Localization of the G. lamblia cpn60 Protein.

In most eukaryotes, a cpn60 protein is localized in mitochondria and facilitates refolding of proteins after transport across mitochondrial membranes (36). In trichomonads, cpn60, cpn10, and hsp70 localize to the hydrogenosome, an unusual double-membraned organelle of anaerobic energy metabolism (9). However, G. lamblia lacks recognizable mitochondria or hydrogenosomes. Preliminary evidence suggests that a subcellular compartment (possibly a mitochondrial relic) may exist in the amitochondriate parasite Entamoeba histolytica (reviewed in ref. 15). It is possible that the cpn60 protein in G. lamblia may be targeted to a similar structure.
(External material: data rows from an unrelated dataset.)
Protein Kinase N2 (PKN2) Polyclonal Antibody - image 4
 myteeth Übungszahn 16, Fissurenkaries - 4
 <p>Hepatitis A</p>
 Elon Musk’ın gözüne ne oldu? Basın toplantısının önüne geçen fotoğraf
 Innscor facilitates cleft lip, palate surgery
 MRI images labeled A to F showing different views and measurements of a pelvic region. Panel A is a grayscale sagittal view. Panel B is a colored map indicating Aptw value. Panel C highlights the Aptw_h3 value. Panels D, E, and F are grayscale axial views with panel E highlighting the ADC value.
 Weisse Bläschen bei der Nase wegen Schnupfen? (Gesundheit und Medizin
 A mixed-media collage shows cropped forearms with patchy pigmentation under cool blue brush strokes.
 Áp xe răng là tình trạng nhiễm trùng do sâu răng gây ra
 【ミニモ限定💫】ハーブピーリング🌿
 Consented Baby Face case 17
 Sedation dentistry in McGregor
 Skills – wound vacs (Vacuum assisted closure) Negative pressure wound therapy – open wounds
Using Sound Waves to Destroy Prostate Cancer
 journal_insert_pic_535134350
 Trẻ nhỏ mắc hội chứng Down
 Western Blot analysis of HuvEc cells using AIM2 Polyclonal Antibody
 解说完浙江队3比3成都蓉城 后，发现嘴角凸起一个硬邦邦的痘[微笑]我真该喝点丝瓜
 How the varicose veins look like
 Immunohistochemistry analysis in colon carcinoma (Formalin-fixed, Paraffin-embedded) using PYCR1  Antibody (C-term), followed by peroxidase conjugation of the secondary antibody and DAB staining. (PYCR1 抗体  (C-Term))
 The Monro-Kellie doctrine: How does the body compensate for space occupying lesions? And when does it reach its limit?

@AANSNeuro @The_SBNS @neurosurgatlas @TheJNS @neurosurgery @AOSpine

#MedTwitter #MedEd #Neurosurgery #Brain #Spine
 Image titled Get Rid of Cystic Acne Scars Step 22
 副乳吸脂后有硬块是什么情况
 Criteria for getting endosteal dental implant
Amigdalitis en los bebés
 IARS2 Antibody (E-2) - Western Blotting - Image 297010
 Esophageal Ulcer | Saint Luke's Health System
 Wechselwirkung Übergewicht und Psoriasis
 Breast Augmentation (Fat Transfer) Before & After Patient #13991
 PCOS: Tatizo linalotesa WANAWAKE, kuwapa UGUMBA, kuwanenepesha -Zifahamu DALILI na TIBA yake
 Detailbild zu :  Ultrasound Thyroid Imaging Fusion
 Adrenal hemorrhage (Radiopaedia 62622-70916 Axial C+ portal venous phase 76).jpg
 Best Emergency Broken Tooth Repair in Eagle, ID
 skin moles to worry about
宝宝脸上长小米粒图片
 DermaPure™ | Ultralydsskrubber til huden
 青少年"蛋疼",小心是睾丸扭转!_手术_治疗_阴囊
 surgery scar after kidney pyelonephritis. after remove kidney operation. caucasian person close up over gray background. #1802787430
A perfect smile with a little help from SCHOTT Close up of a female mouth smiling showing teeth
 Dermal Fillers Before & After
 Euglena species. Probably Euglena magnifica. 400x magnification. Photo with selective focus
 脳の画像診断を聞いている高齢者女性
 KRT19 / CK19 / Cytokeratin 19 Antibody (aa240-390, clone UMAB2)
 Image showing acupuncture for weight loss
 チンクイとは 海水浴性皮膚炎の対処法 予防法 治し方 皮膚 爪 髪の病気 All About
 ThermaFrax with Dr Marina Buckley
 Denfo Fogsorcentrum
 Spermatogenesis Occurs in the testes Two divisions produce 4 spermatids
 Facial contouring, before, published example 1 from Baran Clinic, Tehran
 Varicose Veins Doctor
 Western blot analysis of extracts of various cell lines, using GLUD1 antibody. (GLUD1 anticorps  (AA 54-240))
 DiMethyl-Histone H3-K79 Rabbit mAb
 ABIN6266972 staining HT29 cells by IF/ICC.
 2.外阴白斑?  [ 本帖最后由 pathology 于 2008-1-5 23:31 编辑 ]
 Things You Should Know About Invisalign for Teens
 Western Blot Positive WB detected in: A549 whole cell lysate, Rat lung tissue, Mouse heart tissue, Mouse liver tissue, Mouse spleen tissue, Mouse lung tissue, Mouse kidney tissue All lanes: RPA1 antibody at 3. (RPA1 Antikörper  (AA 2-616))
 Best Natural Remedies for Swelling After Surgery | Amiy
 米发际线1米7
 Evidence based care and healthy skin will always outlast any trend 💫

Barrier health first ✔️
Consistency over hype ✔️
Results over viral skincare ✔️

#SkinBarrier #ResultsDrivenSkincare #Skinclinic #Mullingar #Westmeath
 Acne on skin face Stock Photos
Organelle-targeted proteins often have N-terminal extensions that are cleaved during transport into the organelle. An alignment of the G. lamblia and E. histolytica cpn60 N-terminal regions with other homologs is shown in Fig. 3. The processed targeting peptides of the mitochondrial and hydrogenosomal cpn60s of Leishmania tarentolae and Trichomonas vaginalis are 8 and 15 aa in length, respectively (9, 39). The mature N termini of these proteins correspond roughly with the N termini of GroEL homologs in eubacteria. E. histolytica cpn60 possesses a 8- to 9-residue, serine-rich extension relative to eubacterial homologs that resembles an N-terminal extension encoded by the pyridine nucleotide transhydrogenase gene of this organism (15). In contrast, the G. lamblia cpn60 extends only 2–3 aa past the N termini of eubacterial homologs and is probably too short to represent a full targeting signal. However, because similarity to other cpn60 and GroEL homologs does not start until amino acid position 8 of the G. lamblia cpn60 (Fig. 3), we cannot rule out the possibility that the first 7 aa, or a subset of them, constitute a targeting peptide to an unknown organelle in G. lamblia.

Figure 3.

Figure 3

An alignment of the N termini of G. lamblia, E. histolytica, mitochondrial, hydrogenosomal, and eubacterial cpn60 homologs. The deduced N-terminal sequence of G. lamblia and E. histolytica cpn60s are aligned with homologs from L. tarentolae, T. vaginalis, and Caulobacter crescentus. The L. tarentolae and T. vaginalis targeting peptides (underlined) are removed during import into mitochondria and hydrogenosomes, respectively (9, 39). An N-terminal extension of the E. histolytica cpn60 homolog is suggestive of a targeting peptide for a cryptic organelle in this organism. G. lamblia cpn60 has a small, 2-aa N-terminal extension relative to C. crescentus. Amino acid identities of the G. lamblia cpn60 to other homologs are indicated by asterisks (∗) under the alignment.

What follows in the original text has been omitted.